A decisão, porém, foi reformada pela 3ª Turma do STJ, por maioria de votos. Prevaleceu entendimento do relator, Marco Aurélio Bellizze. Para ele, se em assembleia os credores consideraram necessário para o plano de recuperação judicial suprimir as garantias dadas não há como submeter o inconformismo da minoria que saiu vencida ou não votou à maioria – que está disposta a suportar sacrifícios.
A Lei de Recuperação Judicial prevê, no artigo 50, que na alienação de bem objeto de garantia real, a supressão ou substituição da garantia só podem ser admitidas mediante aprovação expressa do credor titular da garantia. Porém, no voto, Bellizze destacou previsão do artigo 49, parágrafo 2°, de que as obrigações anteriores à recuperação judicial observarão as condições originalmente contratadas ou definidas em lei, “salvo se de modo diverso ficar estabelecido no plano de recuperação judicial.”
Para o relator, ainda que o credor tenha optado por não comparecer à assembleia ou se posicionado contra a aprovação do plano, está subordinado a ele. “Compreensão diversa, por óbvio, teria o condão de inviabilizar a consecução do plano, o que refoge dos propósitos do instituto da recuperação judicial”, afirma no acórdão.
De acordo com o voto do relator, caso não se implemente o plano de recuperação, os credores terão reconstituídos seus direitos e garantias nas condições originariamente contratadas.
Já o ministro João Otávio de Noronha votou em sentido contrário. De acordo com ele, a premissa aprovada no plano de recuperação judicial de suspensão das garantias dos credores ausentes contraria a legislação e a jurisprudência. O ministro Ricardo Villas Bôas Cueva não participou do julgamento porque estava impedido.
Para o advogado José Roberto Assad, do Luchesi Advogados, a decisão mostra uma “perigosa relativização” do artigo 50 da Lei n° 11.101, de 2005. A decisão, acrescenta o especialista, implica insegurança para os credores.

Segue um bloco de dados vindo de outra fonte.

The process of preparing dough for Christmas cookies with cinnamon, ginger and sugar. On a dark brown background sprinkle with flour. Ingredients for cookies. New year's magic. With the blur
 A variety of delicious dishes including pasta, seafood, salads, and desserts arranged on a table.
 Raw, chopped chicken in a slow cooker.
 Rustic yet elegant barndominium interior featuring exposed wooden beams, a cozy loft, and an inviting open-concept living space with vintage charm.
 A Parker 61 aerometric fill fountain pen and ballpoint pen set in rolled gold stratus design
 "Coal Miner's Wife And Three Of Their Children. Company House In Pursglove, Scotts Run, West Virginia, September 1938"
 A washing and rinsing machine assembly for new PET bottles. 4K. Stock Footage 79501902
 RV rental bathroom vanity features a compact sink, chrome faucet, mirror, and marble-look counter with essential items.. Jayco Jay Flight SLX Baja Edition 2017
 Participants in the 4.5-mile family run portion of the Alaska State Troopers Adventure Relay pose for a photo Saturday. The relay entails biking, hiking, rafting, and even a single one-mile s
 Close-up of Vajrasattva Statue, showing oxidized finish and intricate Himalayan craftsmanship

Julio Mandel, do Mandel Advocacia, entende, porém, que se o plano foi aprovado, ocorreu a novação da dívida e a empresa está em dia, o uso das garantias liberadas é medida essencial para que o plano seja efetivo. “Nada mais correto que a liberação, pois o objetivo dela é justamente gerar recursos e pagar os credores”, afirma.
De acordo com o advogado, já há caso parecido julgado pelo STJ, mas a decisão é inédita pelo seu detalhamento. Mandel faz a ressalva de que o dinheiro da garantia deverá ser destinado ao pagamento de credores e não ao devedor.
Procurados pelo Valor, os advogados dos credores não retornaram até o fechamento da edição.